▶ TASK STATEMENT
Although the listing contains pictures, reproduce only its text, exactly as written.
═══ PROVIDED MATERIAL
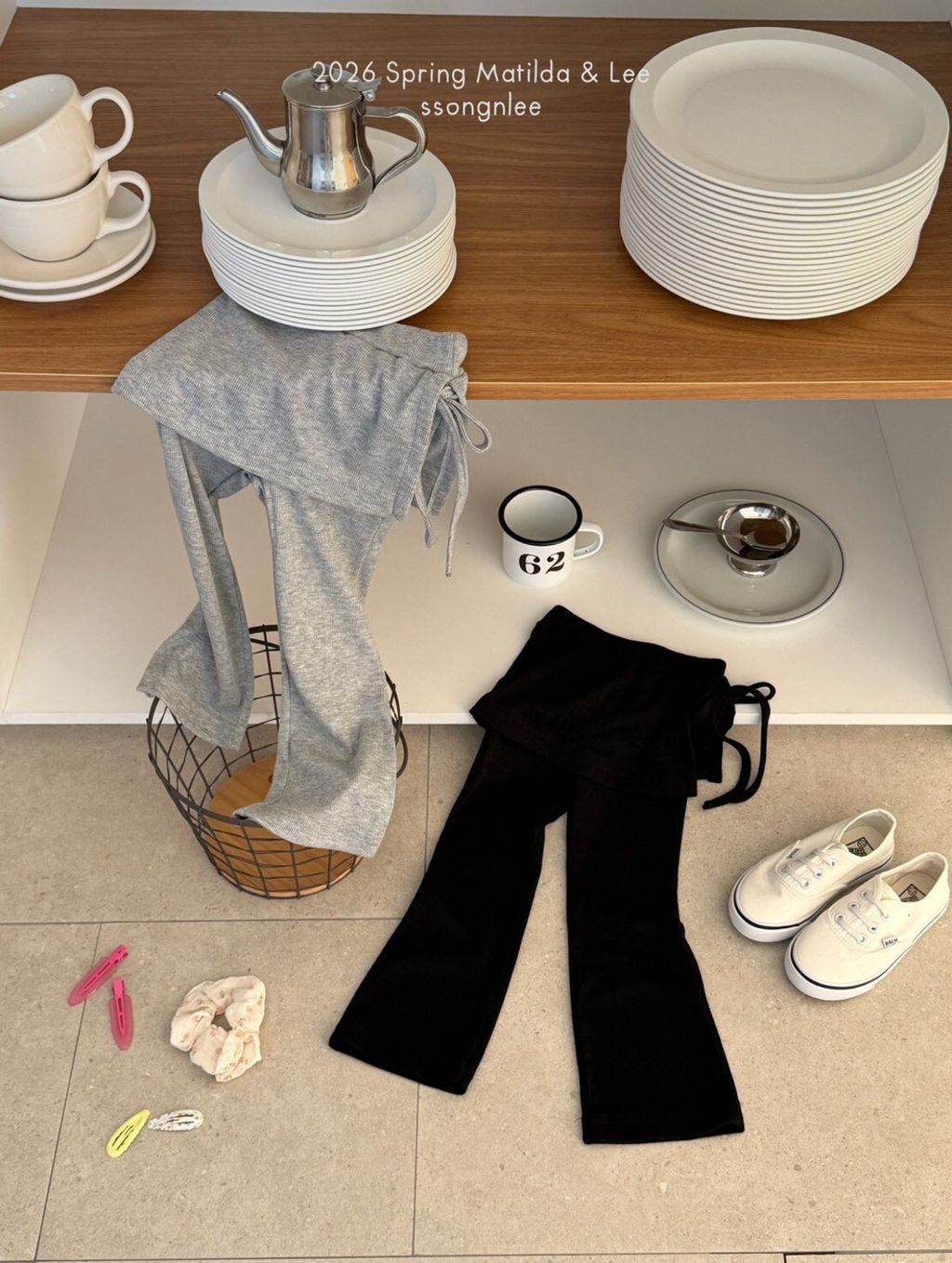 LINE_ALBUM_20260402lee_260404_26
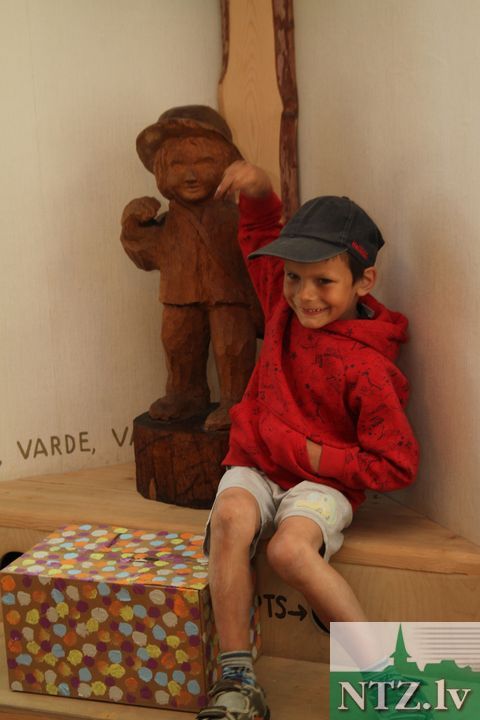 Gallery image 172463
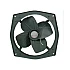 GH45 45cm Exhaust Fan Type Benma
══════
▶ YOUR RESPONSE
 LINE_ALBUM_20260402lee_260404_26
 Gallery image 172463
 GH45 45cm Exhaust Fan Type Benma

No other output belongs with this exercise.